**RECORDS SHOWN**

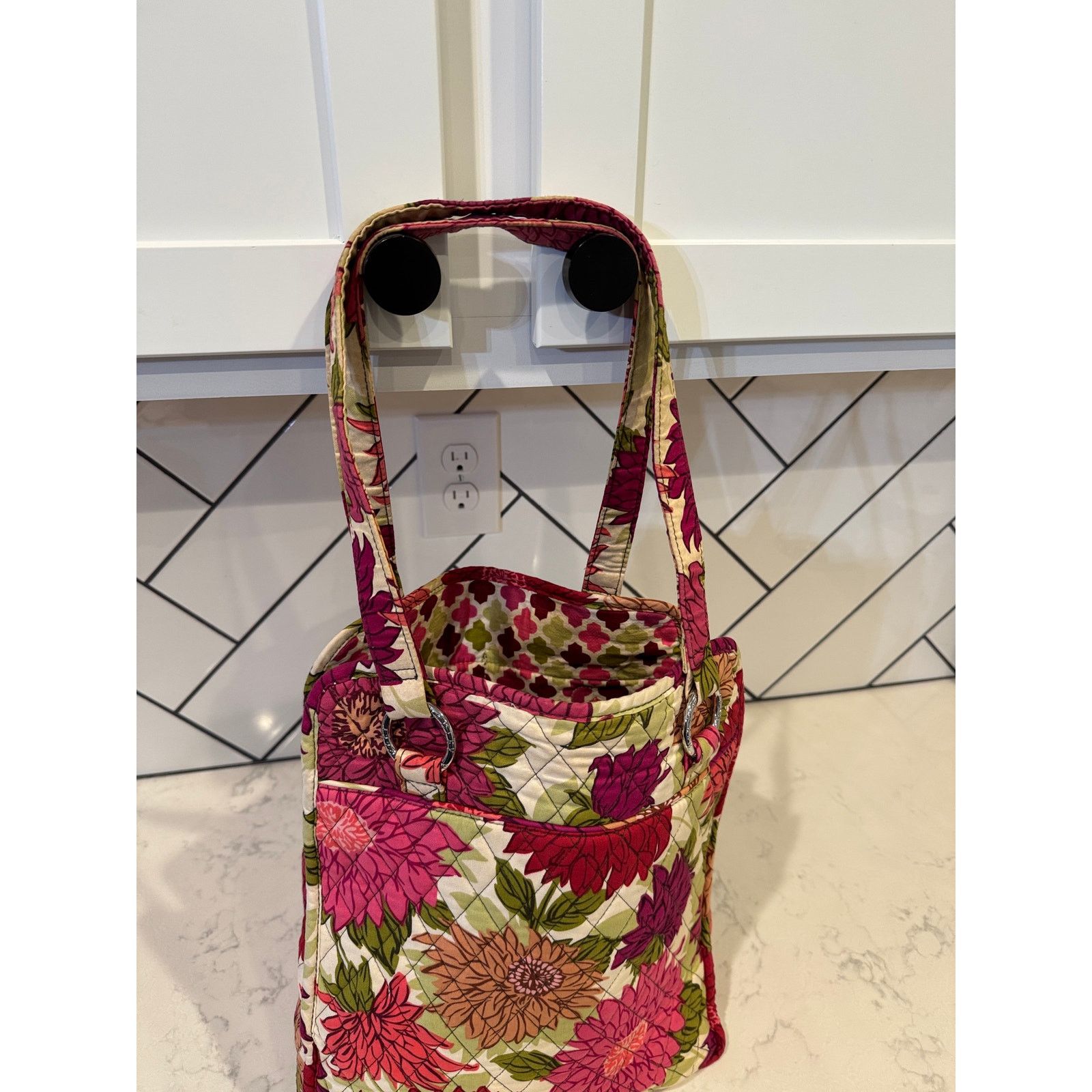 Vera Bradley Vera Bradley Hello Dahlia quilted cotton shoulder tote bag Size ONE SIZE - 4 Thumbnail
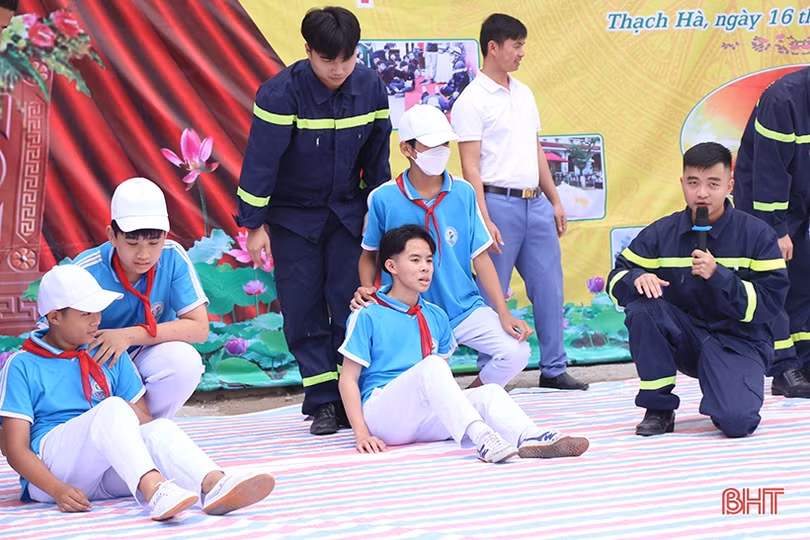Trang bị kỹ năng chữa cháy, thoát hiểm cho học sinh, giáo viên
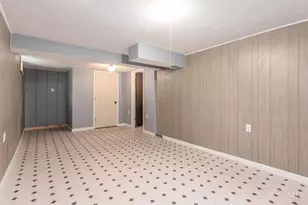 8670 Zodiac Dr, Springfield Township, OH 45231 - Photo 22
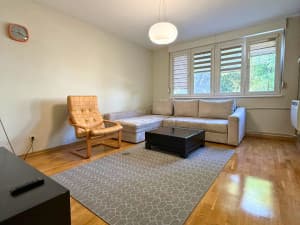 Three-bedroom apartment, Pejton I
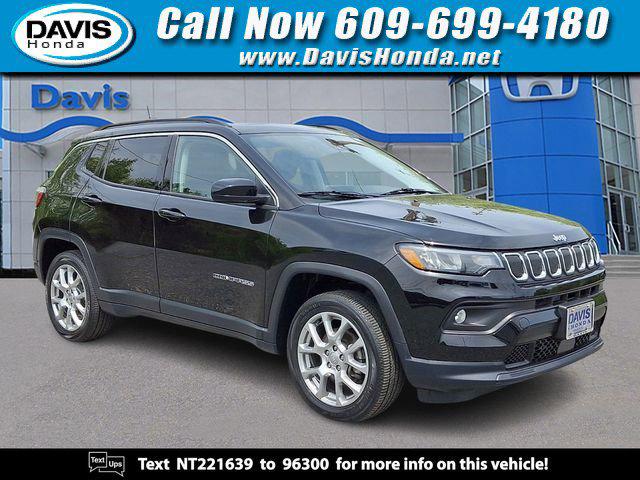 2022 Jeep Compass Latitude Lux 4X4's photo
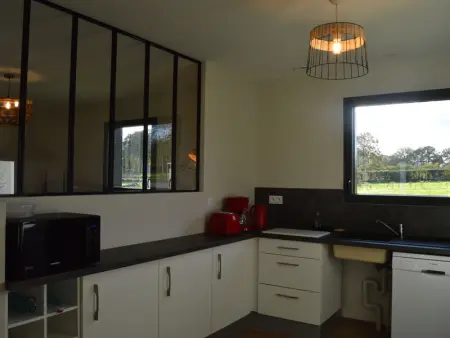 Maison éco-responsable avec terrasse, jardin privé et aménagement fauteuil roulant à Pouligny-Saint-Martin - Photo 8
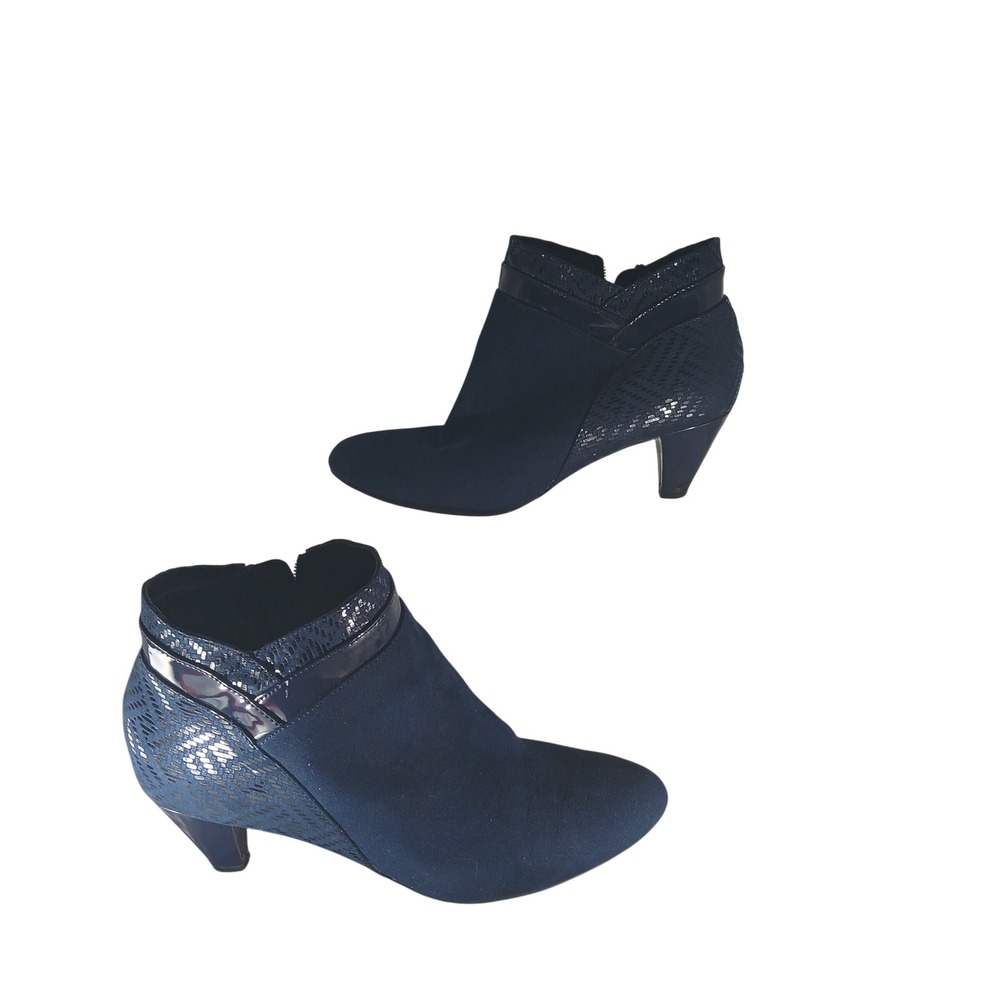 Karen Scott Cahleb Ankle Booties 9M Navy Blue Pointed Toe Mixed Media Heel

**AIM OF THE EXERCISE**
All of the data above should be quoted exactly, except for the pictures.

**EXERCISE RESPONSE**
 Vera Bradley Vera Bradley Hello Dahlia quilted cotton shoulder tote bag Size ONE SIZE - 4 Thumbnail
Trang bị kỹ năng chữa cháy, thoát hiểm cho học sinh, giáo viên
 8670 Zodiac Dr, Springfield Township, OH 45231 - Photo 22
 Three-bedroom apartment, Pejton I
 2022 Jeep Compass Latitude Lux 4X4's photo
 Maison éco-responsable avec terrasse, jardin privé et aménagement fauteuil roulant à Pouligny-Saint-Martin - Photo 8
 Karen Scott Cahleb Ankle Booties 9M Navy Blue Pointed Toe Mixed Media Heel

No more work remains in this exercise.